Sixty-Five Million Years of Sinking

Geologically, the West Siberian Plain is a region of prolonged crustal subsidence. The bedrock consists of horizontal deposits laid down over 65 million years of the Cenozoic era, buried under alluvial sediments that accumulated as the crust slowly sank. During ice ages, massive ice dams blocked the northward-flowing Ob and Yenisei rivers, reversing their drainage southward into the Caspian Sea and possibly the Aral Sea. These episodes created the West Siberian Glacial Lake, whose remnants include the swamps and lake systems that dominate the modern landscape. The subsidence also created the conditions for the West Siberian petroleum basin, one of the world's richest hydrocarbon reserves.

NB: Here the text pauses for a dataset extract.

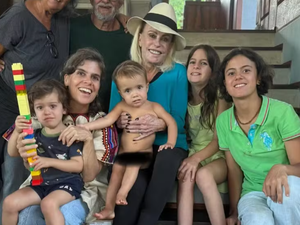 Filha de Ana Maria Braga rebate rótulo de 'radical' e diz não dispensar luxos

Most of Russia's oil and gas production during the 1970s and 1980s was extracted from this area, and the region's importance to the Russian economy has only grown since.

The Engine Room of Russia

Beneath the swamps and permafrost lies the resource base that powers modern Russia. The West Siberian petroleum basin holds vast reserves of oil and natural gas, with major cities like Surgut and Nizhnevartovsk existing solely because of extraction. Chelyabinsk, Novosibirsk, Omsk, and Tomsk anchor the southern margins of the plain, where industry and agriculture share the drier steppe and forest-steppe zones. The climate across most of the plain is either subarctic or continental, with harsh, long winters that define infrastructure decisions, construction techniques, and human endurance. Rivers serve as transportation corridors in summer and frozen highways in winter. The plain's sheer scale means that weather systems travel unimpeded for hundreds of kilometers, and storms arrive with little warning across terrain that provides no shelter.

From the Air

Centered approximately at 62°N, 76°E, the West Siberian Plain stretches from the Ural Mountains to the Yenisei River, 2,500 km north to south. From cruising altitude, the terrain appears as an immense flat expanse of tundra, taiga, and wetlands with countless lakes and meandering rivers. Major airports include Novosibirsk Tolmachevo (UNNT), Omsk Tsentralny (UNOO), Surgut (USRR), and Novy Urengoy (USMU). The Ob and Irtysh river systems are the dominant visual features. Expect continental and subarctic weather patterns. Recommended viewing altitude: 30,000+ feet to appreciate the scale.